ENTRIES SHOWN
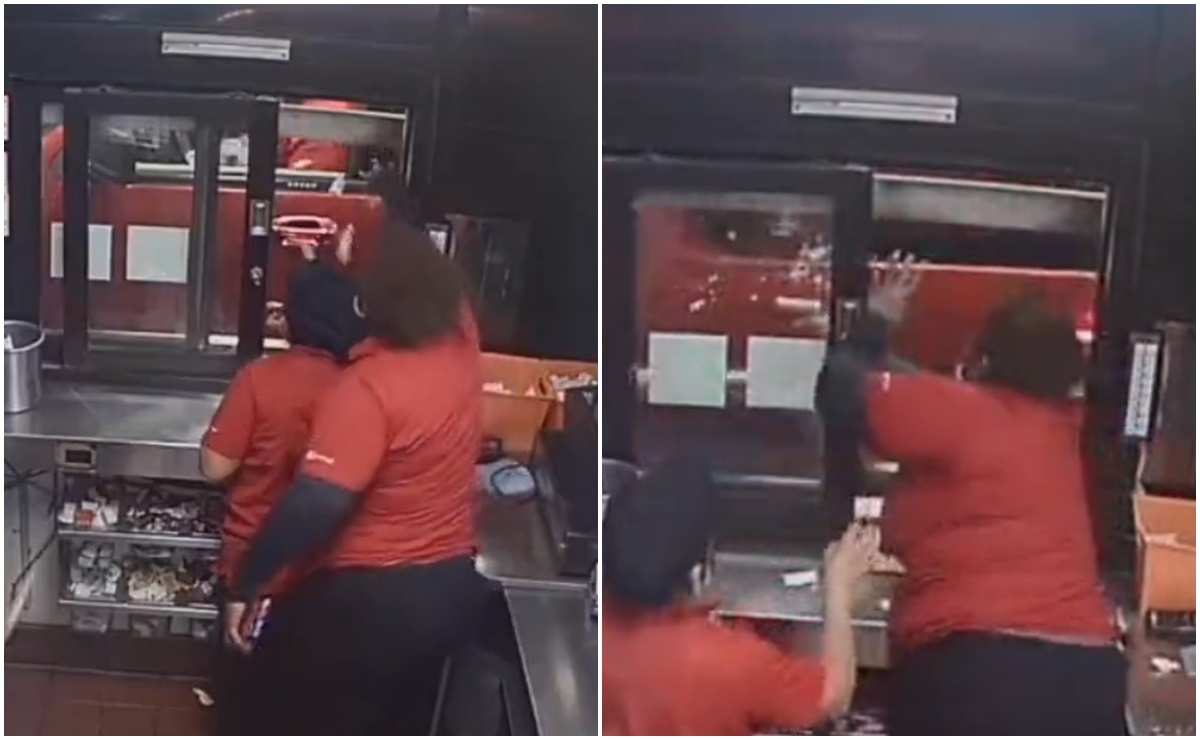 Video. Trabajadora de restaurante Jack-in-the-Box dispara contra clientes por unas papas fritas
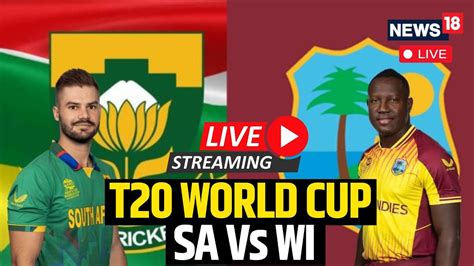 T20 World Cup Live South Africa Vs West Indies Scoreboard Sa Vs Wi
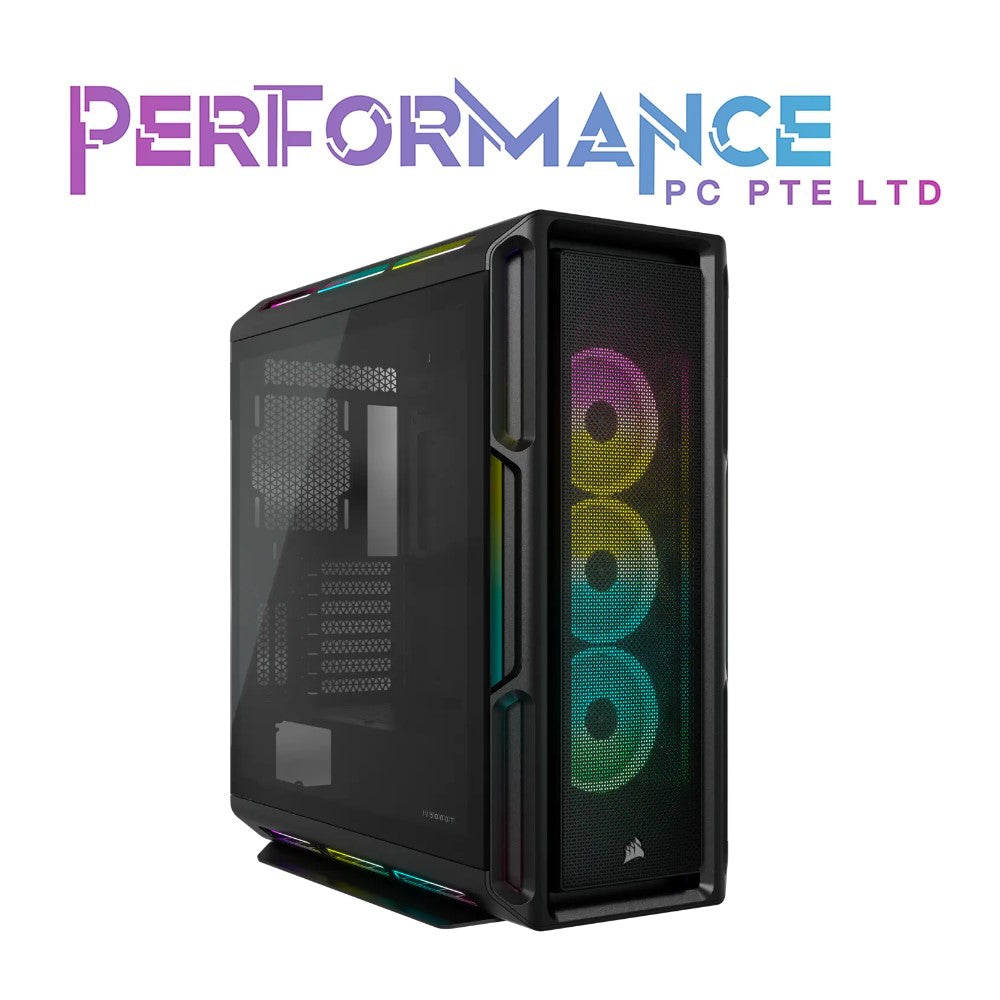 CORSAIR iCUE 5000T RGB Mid-Tower ATX PC Case-208 Individually Addressable RGB LEDs-Fits Multiple 360mm Radiators-Easy Cable Management-3 Included CORSAIR LL120 RGB Fans, Black/White (2 YEARS WARRANTY BY CONVERGENT SYSTEMS PTE LTD)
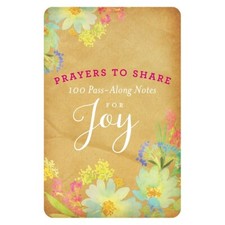 Prayers to Share Notes for Joy 1 Pass Along Card ( 1 card only )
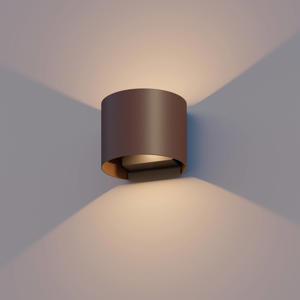 wandlamp buiten ovaal - roestbruin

EXERCISE DIRECTIONS
Each entry above should be printed again word for word, with any picture dropped.

EXPECTED ANSWER
 Video. Trabajadora de restaurante Jack-in-the-Box dispara contra clientes por unas papas fritas
 T20 World Cup Live South Africa Vs West Indies Scoreboard Sa Vs Wi
 CORSAIR iCUE 5000T RGB Mid-Tower ATX PC Case-208 Individually Addressable RGB LEDs-Fits Multiple 360mm Radiators-Easy Cable Management-3 Included CORSAIR LL120 RGB Fans, Black/White (2 YEARS WARRANTY BY CONVERGENT SYSTEMS PTE LTD)
 Prayers to Share Notes for Joy 1 Pass Along Card ( 1 card only )
 wandlamp buiten ovaal - roestbruin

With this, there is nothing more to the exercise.